Metadata-Version: 2.4
Name: scrufflehog
Version: 0.1.0
Summary: Deterministically verify that your redactors actually redact.
Project-URL: Homepage, https://github.com/seanturner83/scrufflehog
Author: Sean Turner
License: MIT
License-File: LICENSE
Keywords: logging,pii,redaction,secrets,security,testing
Classifier: Development Status :: 3 - Alpha
Classifier: Intended Audience :: Developers
Classifier: License :: OSI Approved :: MIT License
Classifier: Programming Language :: Python :: 3.11
Classifier: Topic :: Security
Requires-Python: >=3.11
Provides-Extra: agentic
Provides-Extra: dev
Requires-Dist: pytest>=7; extra == 'dev'
Description-Content-Type: text/markdown

# scrufflehog

**Unit-test your redaction.**

Everyone scans for secrets that already leaked (trufflehog, gitleaks). Almost
nobody tests whether the redaction they *rely on* actually works. scrufflehog is
the inverse tool: it runs adversarial probes through your own redaction code and
deterministically asserts the secret is gone — and checks that your field
denylist/allow-list covers the sensitive names you think it does.

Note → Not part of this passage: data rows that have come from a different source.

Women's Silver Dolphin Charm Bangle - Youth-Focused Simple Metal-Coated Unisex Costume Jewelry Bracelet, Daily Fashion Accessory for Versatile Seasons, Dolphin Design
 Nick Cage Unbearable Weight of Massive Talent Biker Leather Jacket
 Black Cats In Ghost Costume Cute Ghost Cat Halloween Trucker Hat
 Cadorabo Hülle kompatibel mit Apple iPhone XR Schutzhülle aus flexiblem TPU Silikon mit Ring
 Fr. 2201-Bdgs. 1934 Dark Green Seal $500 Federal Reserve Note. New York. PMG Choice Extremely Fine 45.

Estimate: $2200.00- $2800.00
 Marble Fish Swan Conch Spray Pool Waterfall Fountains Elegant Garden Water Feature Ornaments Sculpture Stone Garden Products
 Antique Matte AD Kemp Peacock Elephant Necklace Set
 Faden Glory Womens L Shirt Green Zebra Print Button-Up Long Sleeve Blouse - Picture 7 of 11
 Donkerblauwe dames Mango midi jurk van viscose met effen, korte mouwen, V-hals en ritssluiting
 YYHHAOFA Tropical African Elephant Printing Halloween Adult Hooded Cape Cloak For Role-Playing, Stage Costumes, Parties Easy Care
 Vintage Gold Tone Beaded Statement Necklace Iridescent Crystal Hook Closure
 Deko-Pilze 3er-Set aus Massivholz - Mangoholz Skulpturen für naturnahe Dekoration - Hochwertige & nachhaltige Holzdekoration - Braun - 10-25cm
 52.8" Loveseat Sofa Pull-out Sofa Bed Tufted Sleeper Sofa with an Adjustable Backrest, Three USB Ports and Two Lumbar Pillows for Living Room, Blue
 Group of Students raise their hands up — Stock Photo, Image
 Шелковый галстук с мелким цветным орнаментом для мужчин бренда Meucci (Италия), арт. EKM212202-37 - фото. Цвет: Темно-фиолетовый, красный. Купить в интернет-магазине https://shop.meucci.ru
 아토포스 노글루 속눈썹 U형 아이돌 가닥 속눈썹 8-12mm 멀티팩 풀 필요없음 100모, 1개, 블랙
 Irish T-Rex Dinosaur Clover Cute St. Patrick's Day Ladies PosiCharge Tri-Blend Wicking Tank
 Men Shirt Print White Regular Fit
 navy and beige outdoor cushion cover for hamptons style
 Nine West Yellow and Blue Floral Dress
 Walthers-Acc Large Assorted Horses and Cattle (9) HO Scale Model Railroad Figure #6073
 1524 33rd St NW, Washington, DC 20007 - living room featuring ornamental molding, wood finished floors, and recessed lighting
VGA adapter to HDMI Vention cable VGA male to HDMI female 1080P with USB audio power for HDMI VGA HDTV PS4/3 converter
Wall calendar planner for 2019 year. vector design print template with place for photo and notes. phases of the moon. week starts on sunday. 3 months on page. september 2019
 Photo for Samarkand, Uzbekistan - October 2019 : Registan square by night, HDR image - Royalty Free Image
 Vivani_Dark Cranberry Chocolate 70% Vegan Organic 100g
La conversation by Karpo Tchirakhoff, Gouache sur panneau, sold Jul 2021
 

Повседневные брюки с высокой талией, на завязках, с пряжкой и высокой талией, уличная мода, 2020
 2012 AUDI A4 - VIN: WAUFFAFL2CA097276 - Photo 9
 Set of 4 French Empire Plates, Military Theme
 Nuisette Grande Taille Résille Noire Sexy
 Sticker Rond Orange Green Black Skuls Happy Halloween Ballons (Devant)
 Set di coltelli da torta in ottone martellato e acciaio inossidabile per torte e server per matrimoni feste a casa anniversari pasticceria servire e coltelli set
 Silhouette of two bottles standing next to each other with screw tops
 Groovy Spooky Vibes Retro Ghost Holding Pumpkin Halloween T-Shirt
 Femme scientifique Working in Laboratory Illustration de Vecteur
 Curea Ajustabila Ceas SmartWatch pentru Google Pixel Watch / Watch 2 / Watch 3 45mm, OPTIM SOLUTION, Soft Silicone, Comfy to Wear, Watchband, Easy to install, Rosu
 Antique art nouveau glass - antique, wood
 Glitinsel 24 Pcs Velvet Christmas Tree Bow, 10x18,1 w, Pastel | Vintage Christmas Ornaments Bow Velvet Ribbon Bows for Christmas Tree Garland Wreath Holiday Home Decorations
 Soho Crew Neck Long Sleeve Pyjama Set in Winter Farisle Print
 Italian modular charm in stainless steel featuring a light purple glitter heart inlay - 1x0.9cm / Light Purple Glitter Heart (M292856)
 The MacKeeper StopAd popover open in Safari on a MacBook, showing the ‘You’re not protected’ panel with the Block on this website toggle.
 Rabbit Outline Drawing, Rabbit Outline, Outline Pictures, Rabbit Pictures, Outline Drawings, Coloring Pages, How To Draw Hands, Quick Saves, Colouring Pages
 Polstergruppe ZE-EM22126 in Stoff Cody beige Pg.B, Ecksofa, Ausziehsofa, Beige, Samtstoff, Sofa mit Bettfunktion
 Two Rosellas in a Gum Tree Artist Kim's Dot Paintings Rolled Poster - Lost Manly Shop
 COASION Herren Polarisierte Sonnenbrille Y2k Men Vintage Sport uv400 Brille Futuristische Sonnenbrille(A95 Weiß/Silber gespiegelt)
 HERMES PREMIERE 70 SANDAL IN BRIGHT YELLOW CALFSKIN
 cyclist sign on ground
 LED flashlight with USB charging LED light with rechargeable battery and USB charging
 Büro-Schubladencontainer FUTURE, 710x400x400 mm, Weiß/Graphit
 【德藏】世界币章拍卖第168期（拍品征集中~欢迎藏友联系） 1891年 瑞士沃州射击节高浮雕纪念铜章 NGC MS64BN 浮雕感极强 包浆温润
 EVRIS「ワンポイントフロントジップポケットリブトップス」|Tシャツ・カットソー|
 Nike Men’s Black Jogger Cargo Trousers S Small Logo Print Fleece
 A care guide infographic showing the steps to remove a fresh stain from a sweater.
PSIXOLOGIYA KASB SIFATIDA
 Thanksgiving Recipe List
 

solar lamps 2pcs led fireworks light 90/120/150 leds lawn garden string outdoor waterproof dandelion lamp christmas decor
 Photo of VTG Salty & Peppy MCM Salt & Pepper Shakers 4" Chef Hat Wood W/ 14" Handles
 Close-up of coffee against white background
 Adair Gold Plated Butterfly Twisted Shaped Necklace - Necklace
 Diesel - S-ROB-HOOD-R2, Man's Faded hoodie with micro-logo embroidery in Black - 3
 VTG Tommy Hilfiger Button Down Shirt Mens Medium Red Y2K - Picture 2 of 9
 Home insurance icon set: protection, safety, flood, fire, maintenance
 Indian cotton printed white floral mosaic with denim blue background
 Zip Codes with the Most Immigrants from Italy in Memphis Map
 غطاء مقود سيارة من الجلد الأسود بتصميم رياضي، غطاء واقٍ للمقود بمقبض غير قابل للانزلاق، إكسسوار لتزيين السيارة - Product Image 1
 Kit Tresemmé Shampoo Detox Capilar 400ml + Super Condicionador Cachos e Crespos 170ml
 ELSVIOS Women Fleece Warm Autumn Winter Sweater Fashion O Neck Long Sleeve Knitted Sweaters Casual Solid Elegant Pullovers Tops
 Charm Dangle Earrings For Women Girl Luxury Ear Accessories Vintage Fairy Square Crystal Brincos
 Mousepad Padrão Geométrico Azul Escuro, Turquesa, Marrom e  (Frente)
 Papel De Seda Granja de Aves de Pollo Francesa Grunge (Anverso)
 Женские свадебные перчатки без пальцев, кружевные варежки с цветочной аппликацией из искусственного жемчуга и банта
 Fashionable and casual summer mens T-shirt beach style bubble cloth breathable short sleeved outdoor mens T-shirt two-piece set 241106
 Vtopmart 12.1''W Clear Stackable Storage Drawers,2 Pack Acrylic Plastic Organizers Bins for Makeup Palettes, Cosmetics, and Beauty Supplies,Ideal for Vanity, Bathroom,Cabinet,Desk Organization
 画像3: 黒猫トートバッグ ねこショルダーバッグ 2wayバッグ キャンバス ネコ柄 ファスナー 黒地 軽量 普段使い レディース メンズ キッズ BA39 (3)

No model, no guessing: every verdict is a hard assertion against a planted secret
you control. Zero false positives by construction.

## Two things it checks

**1. Transform-strength** — *does the redactor's output still contain, or
trivially reverse to, the secret?* It executes your redactor on planted probes
and applies three oracles:

- `literal_survival` — the secret appears verbatim in the output.
- `noop_passthrough` — the "redactor" returned its input unchanged.
- `reversible` — the output is a keyless, low-entropy transform (truncated or
  unsalted hash, base64, static substitution) that a bounded candidate space
  recovers. Catches "redaction" that only *looks* redacted.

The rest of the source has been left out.